▶ **Description of the task**: Pictures stay out; everything else in the listing below is to be restated word for word.

▶ **Dataset extract**:
= Beginning of Section =

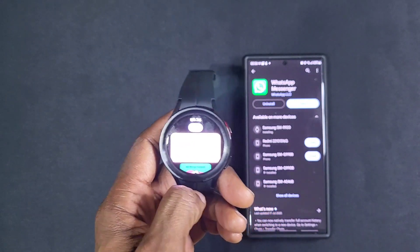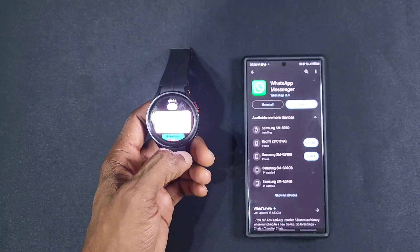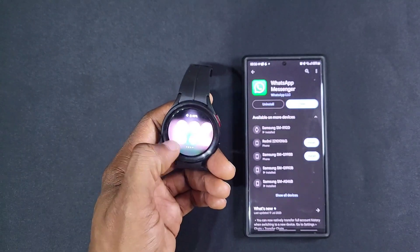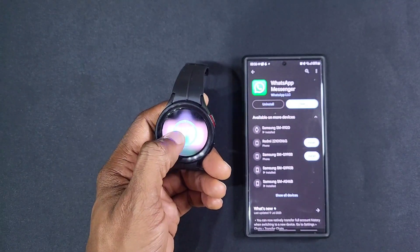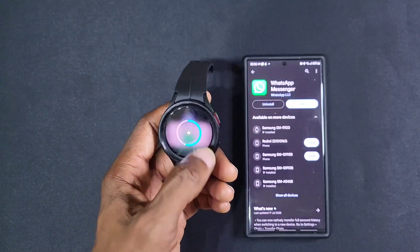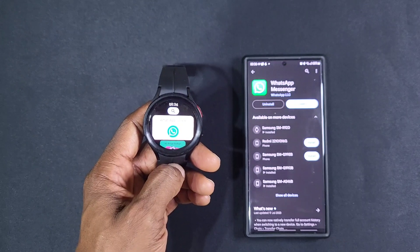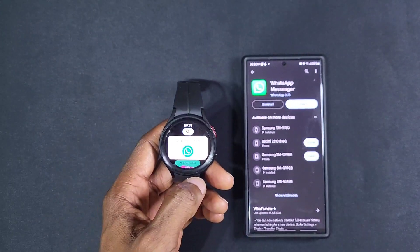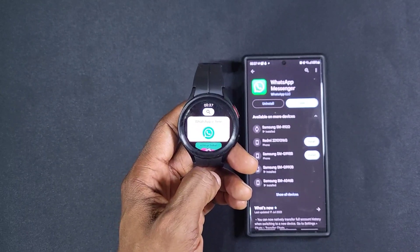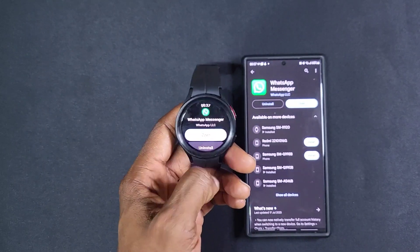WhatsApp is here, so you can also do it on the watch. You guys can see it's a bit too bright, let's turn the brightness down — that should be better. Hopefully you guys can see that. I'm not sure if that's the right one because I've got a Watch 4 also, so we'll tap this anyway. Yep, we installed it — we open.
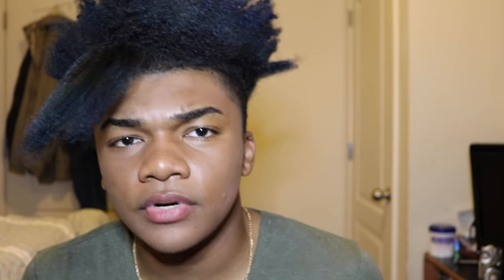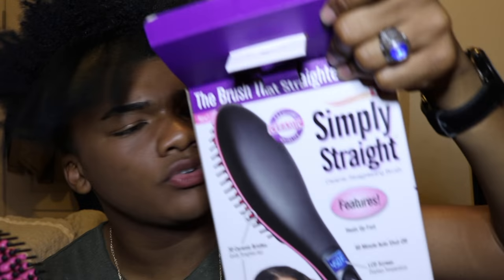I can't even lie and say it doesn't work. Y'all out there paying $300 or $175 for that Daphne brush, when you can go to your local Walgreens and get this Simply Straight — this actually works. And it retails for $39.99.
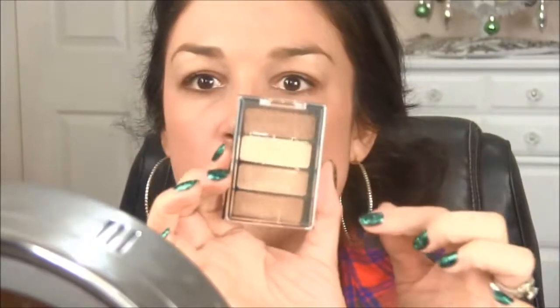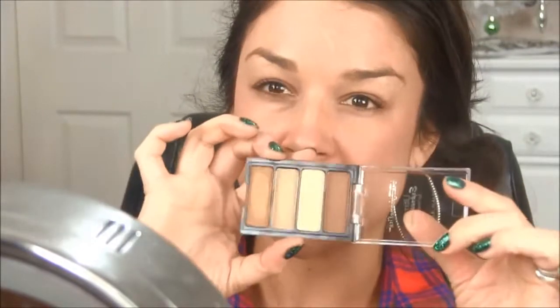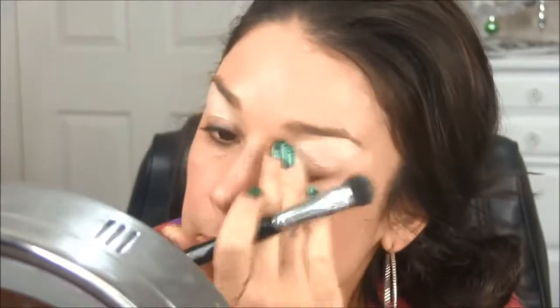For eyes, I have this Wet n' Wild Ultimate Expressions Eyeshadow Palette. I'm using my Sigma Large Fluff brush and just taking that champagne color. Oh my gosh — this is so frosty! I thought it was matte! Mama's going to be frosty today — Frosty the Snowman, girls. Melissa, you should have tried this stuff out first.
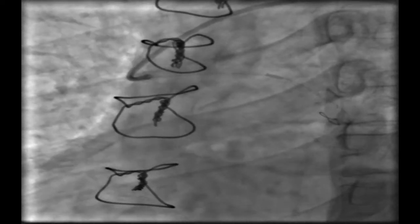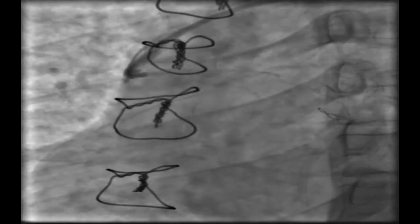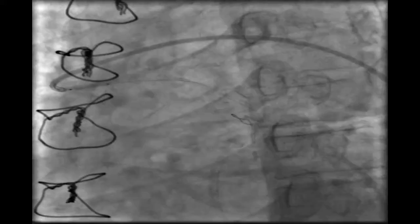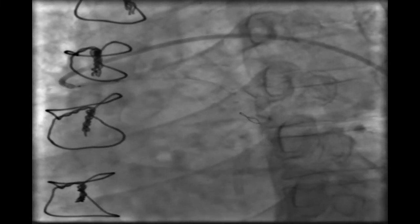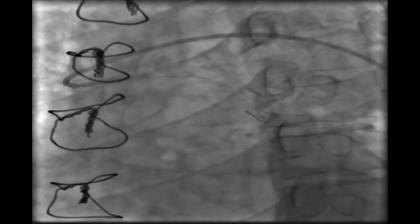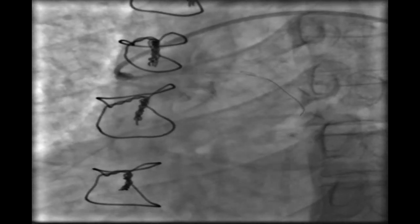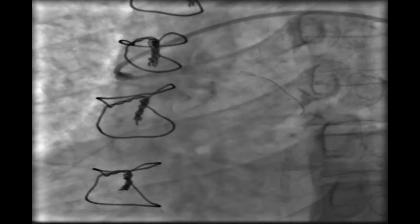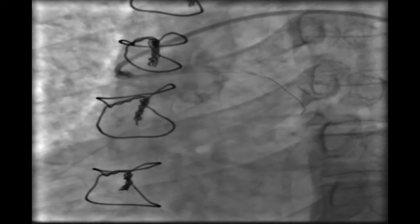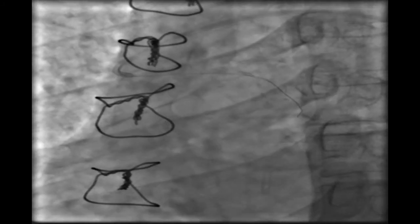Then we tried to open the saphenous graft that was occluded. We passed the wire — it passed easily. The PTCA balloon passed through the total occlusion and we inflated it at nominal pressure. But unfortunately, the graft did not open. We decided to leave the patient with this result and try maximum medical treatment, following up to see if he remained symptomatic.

= End of Section =

▶ **Answer space**:
WhatsApp is here, so you can also do it on the watch. You guys can see it's a bit too bright, let's turn the brightness down — that should be better. Hopefully you guys can see that. I'm not sure if that's the right one because I've got a Watch 4 also, so we'll tap this anyway. Yep, we installed it — we open.
I can't even lie and say it doesn't work. Y'all out there paying $300 or $175 for that Daphne brush, when you can go to your local Walgreens and get this Simply Straight — this actually works. And it retails for $39.99.
For eyes, I have this Wet n' Wild Ultimate Expressions Eyeshadow Palette. I'm using my Sigma Large Fluff brush and just taking that champagne color. Oh my gosh — this is so frosty! I thought it was matte! Mama's going to be frosty today — Frosty the Snowman, girls. Melissa, you should have tried this stuff out first.
Then we tried to open the saphenous graft that was occluded. We passed the wire — it passed easily. The PTCA balloon passed through the total occlusion and we inflated it at nominal pressure. But unfortunately, the graft did not open. We decided to leave the patient with this result and try maximum medical treatment, following up to see if he remained symptomatic.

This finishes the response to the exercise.